Smoking accelerates clot formation in a couple of different ways. It thickens your blood, and it increases the amount of plaque buildup in the arteries. "Along with a healthy diet and regular exercise, smoking cessation is one of the most powerful lifestyle changes that will help you reduce your stroke risk significantly," Dr. Rost says.

Your goal: Quit smoking.

How to achieve it:

  • Ask your doctor for advice on the most appropriate way for you to quit.
  • Use quit-smoking aids, such as nicotine pills or patches, counseling or medicine.
  • Don't give up. Most smokers need several tries to quit. See each attempt as bringing you one step closer to successfully beating the habit.

 

A great way to remember the signs of a stroke is to remember the acronym F.A.S.T.:

F(ace) – Have the person attempt to smile. If one side of the face does not move as well as the other, it is a sign of stroke.

A(rms) – Have the person attempt to raise both of their arms. Notice if one of their arms doesn’t move as high as the other.
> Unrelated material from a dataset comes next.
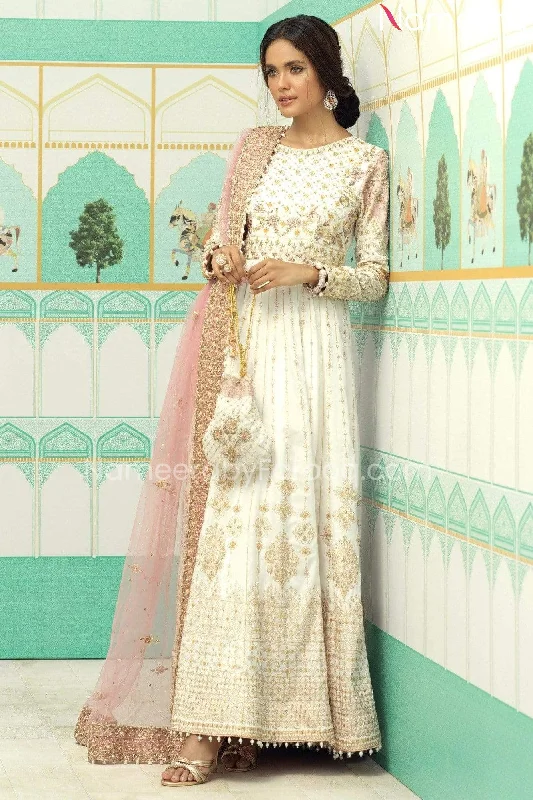 Latest Bridal Pishwas Pakistani White Dress #BS541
S(peech) – Give the person a sentence that they can repeat. Check if there are any slurred words.

T(ime) – If you notice any of these stroke warning signs, act quickly and dial 911 to ensure your elderly loved one receives immediate treatment.

If someone present in the room at the time of stroke takes action based on those signs, it can help save the life of the stroke victim.